Susan B Anthony was a prominent civil rights leader involved in the 19th century women's rights movement to introduce women's suffrage into the United States. In the era before the American Civil War, Susan Brownell Anthony took a prominent role in the New York anti-slavery and anti-alcohol movements. In 1849, aged 29, she became secretary of the Daughters of Temperance, which gave her a forum to speak out against alcohol abuse.
In Britain the National British Women's Total Abstinence Union was affiliated to the Woman's Christian Temperance Union.
Prohibition
Prohibition of alcohol, often referred to simply as prohibition, refers to a law which prohibits alcohol. In the history of the United States, prohibition – also known as 'The Noble Experiment' – is the period during the 1920s and 1930s when the sale, manufacture, and transportation of alcohol for consumption were banned nationally as mandated in the 18th Amendment to the United States Constitution.
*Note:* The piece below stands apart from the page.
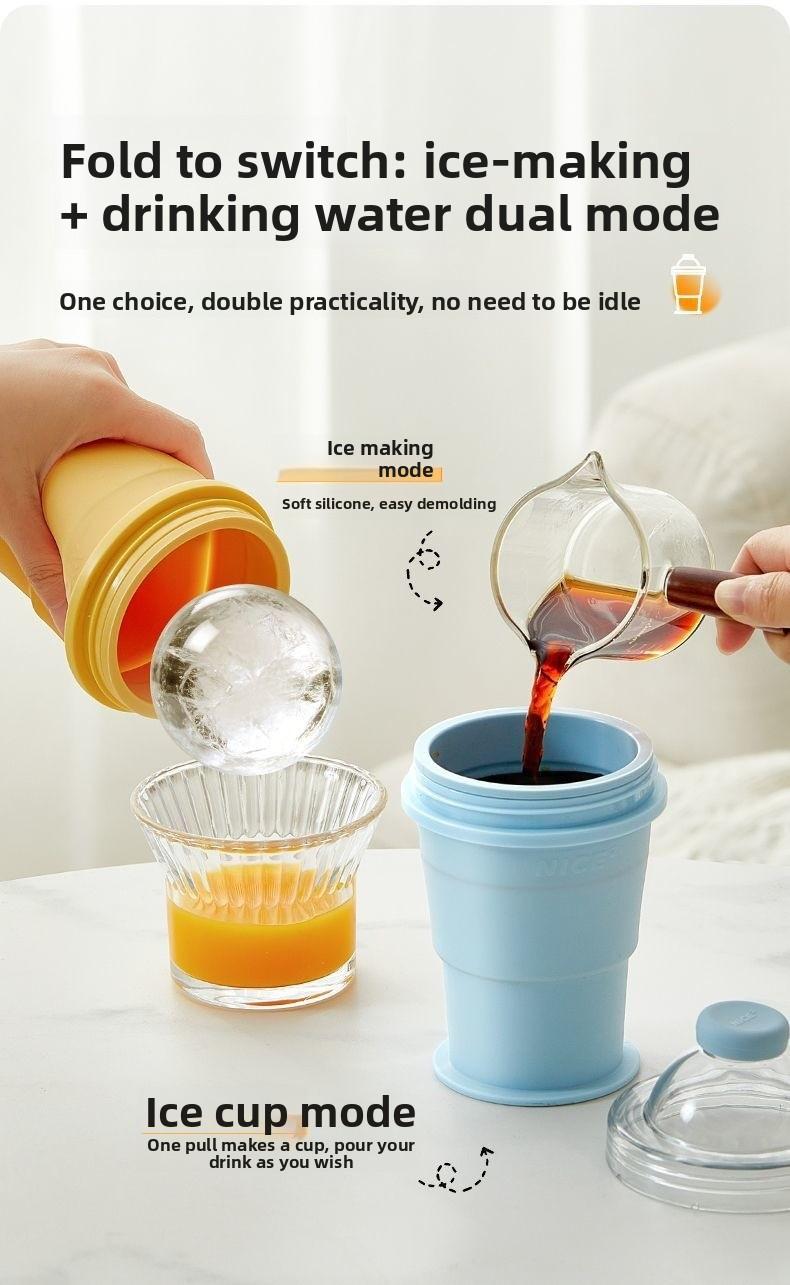 Portable Foldable Ice Ball Cup Silicone Food Grade Ice Maker With Straw Summer Outdoor Travel Mug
Following campaigning by the temperance movement, and the Anti-Saloon League, the US Senate proposed the 18th Amendment on 18 December 1917. Having been approved by 36 states, the amendment was ratified on 16 January 1919 and effected on 16 January 1920. Some states had already enacted prohibition prior to the ratification of the 18th Amendment.
The 'Volstead Act' passed through Congress over President Woodrow Wilson's veto on 28 October 1919 and established the legal definition of intoxicating liquor. Though this act prohibited the sale of alcohol, it did little to enforce the law. The illegal production and distribution of liquor, or bootlegging, became rampant. It is estimated that by 1925 there were between 30,000 and 100,000 'speakeasy' clubs in New York City.
Prohibition became increasingly unpopular during the Depression, especially in large cities. On 23 March 1933 President Franklin Roosevelt signed into law an amendment to the 'Volstead Act' known as the 'Cullen-Harrison Act', allowing the manufacture and sale of certain kinds of alcoholic beverages. On 5 December 1933 the ratification of the 21st Amendment repealed the 18th Amendment.